First stop, the high school to drop off our oldest boy. I think he's grown a foot in the past few weeks. He knows I love him but I say it one last time before he leaves the car. I watch him until he's inside the doors. Then, I pull away for the second stop ... the elementary school for our younger boys. We were a little early, so I parked and waited for a few minutes.
That's when I found it. The best of me. The me I was looking for at the beginning of the week. I planned out my vacation days. I needed some "me time." I had been feeling spent at work and the vacation days were an effort to "fill up." I needed something to help me focus, something to let me know this crazy race is worth every step and breath.
In that moment, my youngest boy asked to move up to the front and sit on my lap. Our middle boy was in the passenger seat and for the first time ... in a long time ... I said "yes." I'm usually in too big of a hurry to stop and let them in the front. Today, what would it hurt? He crawled over the armrest, laughing. We turned up the radio and pulled down the sun visors. Country music spilled out of the speakers and we started making silly faces in the visor mirrors.
My boys ran into school ... laughing and smiling. They turned back long enough to yell ... "love you, mom!" And, in their smiles, I saw the best of me.
The best of me is ... the mommy who takes time to be silly, the wife that stops to sit and talk, the child of God who slows down long enough to enjoy the life He's given me.
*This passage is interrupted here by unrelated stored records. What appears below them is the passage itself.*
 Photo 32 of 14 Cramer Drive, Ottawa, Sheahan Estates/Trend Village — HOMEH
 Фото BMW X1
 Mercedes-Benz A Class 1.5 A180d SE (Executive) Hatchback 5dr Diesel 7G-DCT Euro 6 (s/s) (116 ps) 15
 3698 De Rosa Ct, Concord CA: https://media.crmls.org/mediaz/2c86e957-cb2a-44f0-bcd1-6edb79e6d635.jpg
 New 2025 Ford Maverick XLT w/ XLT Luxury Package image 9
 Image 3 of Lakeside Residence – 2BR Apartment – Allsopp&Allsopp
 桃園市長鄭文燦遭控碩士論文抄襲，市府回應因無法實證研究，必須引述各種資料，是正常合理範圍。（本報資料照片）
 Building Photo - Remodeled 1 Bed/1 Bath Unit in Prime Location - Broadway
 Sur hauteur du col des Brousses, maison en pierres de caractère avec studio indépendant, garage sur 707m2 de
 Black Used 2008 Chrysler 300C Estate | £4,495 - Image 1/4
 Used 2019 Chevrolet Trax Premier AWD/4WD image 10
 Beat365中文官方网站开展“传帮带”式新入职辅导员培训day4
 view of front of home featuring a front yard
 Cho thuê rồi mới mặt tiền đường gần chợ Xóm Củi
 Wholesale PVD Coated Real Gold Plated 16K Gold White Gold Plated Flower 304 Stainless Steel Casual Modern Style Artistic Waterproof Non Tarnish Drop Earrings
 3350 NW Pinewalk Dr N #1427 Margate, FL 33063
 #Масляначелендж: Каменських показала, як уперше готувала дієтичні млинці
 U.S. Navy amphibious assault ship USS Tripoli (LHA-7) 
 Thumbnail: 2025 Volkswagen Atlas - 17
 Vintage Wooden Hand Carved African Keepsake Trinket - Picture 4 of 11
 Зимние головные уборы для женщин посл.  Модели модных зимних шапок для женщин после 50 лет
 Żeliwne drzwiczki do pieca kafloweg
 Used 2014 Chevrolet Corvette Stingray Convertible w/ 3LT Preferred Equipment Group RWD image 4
Are you busy? Do you find yourself going so fast you can't keep up? That was me at the beginning of the week. Trust me, slow down. If you do, you'll find out ... the house will get clean later, the clothes will get washed and put away later, so what if the kids don't go to bed at a set time every night ...
The best of me has been there, right in front of my eyes. All I needed to do was slow down long enough to see it.